===== Dataset records

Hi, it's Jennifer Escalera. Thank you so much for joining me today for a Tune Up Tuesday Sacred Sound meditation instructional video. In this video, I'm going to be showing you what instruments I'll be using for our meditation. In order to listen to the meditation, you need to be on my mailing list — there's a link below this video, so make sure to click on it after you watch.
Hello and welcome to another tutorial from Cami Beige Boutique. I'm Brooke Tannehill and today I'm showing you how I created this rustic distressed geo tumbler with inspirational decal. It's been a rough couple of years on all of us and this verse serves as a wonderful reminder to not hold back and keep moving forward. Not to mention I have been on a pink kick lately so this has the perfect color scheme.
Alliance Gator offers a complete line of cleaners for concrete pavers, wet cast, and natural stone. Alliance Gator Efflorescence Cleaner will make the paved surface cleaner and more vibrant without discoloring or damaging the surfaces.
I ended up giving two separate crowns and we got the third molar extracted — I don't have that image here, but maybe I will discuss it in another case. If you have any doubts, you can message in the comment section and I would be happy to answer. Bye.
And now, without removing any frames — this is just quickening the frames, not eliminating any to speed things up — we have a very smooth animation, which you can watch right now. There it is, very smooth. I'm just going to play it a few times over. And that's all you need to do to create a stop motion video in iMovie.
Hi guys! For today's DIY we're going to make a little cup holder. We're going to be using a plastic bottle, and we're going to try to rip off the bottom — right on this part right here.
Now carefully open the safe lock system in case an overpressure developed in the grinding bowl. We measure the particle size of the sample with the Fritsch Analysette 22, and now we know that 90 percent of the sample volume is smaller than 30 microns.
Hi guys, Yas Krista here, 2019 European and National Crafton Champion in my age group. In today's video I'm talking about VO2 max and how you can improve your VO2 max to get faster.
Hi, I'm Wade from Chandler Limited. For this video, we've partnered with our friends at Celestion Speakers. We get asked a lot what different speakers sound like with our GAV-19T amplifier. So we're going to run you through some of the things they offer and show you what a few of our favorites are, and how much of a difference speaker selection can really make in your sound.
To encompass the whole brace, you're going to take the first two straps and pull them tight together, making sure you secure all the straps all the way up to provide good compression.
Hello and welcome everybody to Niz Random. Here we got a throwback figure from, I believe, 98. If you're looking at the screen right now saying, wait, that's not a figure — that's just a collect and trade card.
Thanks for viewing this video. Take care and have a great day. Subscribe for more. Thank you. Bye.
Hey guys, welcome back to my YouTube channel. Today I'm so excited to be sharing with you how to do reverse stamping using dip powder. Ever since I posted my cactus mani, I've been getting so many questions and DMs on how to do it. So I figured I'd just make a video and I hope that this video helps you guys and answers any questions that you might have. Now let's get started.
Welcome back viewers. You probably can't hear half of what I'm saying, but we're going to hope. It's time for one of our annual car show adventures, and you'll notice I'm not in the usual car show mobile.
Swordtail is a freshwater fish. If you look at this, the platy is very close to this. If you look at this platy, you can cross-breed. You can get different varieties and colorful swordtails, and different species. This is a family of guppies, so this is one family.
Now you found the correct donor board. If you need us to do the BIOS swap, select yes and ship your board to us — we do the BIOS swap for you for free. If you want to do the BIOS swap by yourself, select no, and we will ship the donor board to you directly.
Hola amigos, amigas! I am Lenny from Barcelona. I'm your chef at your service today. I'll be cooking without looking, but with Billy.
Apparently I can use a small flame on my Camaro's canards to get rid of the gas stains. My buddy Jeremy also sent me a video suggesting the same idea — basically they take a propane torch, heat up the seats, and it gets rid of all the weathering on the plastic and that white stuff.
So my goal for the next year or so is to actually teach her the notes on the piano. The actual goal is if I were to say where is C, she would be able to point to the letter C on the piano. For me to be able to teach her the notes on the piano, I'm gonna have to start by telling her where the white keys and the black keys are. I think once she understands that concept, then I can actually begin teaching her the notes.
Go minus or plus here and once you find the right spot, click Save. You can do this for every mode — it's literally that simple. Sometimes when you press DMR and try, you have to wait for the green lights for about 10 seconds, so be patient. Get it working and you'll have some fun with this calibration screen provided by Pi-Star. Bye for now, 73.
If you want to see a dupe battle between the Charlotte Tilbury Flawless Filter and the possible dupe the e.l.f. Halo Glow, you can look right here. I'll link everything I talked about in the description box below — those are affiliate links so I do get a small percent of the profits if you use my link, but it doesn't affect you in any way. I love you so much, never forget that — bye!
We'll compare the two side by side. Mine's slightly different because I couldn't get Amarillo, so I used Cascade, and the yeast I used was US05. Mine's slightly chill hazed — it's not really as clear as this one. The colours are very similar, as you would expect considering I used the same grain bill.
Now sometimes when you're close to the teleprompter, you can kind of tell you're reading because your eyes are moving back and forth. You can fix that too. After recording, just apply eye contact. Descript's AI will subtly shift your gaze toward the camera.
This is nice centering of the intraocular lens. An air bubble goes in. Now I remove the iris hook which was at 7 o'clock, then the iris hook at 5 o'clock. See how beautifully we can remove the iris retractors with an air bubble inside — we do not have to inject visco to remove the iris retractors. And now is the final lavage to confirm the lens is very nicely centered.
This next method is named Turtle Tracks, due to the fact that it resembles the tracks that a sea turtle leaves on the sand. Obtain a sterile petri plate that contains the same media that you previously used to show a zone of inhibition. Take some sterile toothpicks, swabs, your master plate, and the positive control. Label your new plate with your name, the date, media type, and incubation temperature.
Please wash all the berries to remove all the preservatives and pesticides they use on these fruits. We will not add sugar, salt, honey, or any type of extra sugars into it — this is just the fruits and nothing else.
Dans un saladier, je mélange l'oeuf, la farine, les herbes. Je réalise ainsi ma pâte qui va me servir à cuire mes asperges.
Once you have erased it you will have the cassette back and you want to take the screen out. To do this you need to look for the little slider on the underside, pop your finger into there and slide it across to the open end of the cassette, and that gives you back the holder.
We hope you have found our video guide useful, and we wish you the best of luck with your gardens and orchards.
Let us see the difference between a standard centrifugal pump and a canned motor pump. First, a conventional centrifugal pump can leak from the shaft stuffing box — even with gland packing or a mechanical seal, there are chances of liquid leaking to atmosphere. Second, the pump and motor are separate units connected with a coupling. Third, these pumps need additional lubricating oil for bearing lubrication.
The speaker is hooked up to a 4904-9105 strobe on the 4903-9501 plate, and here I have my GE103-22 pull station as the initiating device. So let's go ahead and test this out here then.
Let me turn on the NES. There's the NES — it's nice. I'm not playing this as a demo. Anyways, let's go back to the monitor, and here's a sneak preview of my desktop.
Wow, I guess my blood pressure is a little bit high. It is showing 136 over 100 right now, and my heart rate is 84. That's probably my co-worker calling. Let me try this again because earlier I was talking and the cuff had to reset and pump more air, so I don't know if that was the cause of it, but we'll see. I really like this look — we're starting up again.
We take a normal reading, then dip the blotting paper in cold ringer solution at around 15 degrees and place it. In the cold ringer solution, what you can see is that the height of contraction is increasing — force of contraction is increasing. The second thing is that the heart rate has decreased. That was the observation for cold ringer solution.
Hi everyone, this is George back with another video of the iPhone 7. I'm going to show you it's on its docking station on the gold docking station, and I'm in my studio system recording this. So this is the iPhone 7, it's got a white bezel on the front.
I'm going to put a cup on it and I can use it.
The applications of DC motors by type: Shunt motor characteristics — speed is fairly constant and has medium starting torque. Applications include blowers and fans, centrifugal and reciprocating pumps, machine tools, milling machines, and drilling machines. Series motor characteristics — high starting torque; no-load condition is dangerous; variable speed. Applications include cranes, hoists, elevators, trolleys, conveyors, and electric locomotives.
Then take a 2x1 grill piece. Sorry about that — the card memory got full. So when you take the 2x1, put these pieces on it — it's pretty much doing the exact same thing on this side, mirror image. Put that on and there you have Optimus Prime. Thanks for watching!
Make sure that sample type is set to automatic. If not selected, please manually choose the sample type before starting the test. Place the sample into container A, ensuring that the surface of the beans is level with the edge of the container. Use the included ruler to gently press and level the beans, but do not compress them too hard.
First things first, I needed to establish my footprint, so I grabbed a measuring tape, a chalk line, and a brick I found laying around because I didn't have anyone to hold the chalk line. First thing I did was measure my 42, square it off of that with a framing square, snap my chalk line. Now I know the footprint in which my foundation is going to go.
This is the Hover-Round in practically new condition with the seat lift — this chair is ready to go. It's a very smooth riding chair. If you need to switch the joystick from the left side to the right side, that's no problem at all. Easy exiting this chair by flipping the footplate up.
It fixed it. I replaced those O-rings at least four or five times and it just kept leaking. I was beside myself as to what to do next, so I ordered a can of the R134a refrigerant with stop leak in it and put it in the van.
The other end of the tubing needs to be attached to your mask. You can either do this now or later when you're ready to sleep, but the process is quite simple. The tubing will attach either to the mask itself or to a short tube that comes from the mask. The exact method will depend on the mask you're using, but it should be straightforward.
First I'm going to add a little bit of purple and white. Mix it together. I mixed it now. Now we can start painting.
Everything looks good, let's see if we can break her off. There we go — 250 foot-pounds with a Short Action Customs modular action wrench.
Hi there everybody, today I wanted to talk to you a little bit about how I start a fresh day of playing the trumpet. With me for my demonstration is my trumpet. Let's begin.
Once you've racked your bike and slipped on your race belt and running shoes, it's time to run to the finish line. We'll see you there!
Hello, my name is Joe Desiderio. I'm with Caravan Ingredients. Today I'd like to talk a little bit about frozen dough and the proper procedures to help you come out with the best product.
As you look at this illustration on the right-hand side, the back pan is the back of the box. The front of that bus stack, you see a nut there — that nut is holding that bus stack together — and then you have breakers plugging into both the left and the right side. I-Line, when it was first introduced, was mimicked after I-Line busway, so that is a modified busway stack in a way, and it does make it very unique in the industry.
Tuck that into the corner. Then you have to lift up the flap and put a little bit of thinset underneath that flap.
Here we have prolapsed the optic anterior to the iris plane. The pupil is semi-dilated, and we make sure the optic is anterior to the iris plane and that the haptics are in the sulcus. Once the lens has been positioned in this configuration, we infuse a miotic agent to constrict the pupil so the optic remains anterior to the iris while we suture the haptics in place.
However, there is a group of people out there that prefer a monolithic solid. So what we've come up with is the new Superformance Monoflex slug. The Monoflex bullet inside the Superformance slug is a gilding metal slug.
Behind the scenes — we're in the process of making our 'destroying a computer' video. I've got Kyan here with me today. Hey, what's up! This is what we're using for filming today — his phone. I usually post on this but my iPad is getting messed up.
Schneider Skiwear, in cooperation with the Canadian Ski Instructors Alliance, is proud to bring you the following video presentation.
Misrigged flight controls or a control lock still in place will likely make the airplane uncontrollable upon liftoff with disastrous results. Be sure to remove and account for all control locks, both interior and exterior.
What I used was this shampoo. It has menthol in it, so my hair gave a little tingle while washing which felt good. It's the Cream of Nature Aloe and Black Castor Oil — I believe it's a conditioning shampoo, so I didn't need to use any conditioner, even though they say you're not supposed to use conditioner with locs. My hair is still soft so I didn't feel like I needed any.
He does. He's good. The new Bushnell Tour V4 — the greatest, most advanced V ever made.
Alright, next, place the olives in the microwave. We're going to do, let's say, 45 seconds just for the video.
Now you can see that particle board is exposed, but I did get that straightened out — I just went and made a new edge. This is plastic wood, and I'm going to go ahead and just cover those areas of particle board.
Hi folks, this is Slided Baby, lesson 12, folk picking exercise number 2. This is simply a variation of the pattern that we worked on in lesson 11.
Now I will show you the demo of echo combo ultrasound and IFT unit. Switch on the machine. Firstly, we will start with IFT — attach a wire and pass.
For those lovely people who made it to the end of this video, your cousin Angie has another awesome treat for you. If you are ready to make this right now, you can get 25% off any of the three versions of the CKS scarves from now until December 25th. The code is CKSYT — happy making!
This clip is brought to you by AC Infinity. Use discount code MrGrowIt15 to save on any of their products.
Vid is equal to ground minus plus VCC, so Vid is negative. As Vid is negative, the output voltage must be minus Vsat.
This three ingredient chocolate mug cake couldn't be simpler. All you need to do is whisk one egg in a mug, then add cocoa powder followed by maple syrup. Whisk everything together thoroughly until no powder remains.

==========

**Task statement**: Over all the entries, say how many lines hold the string "leaking". The reply is the number alone.

**Solution below**: 2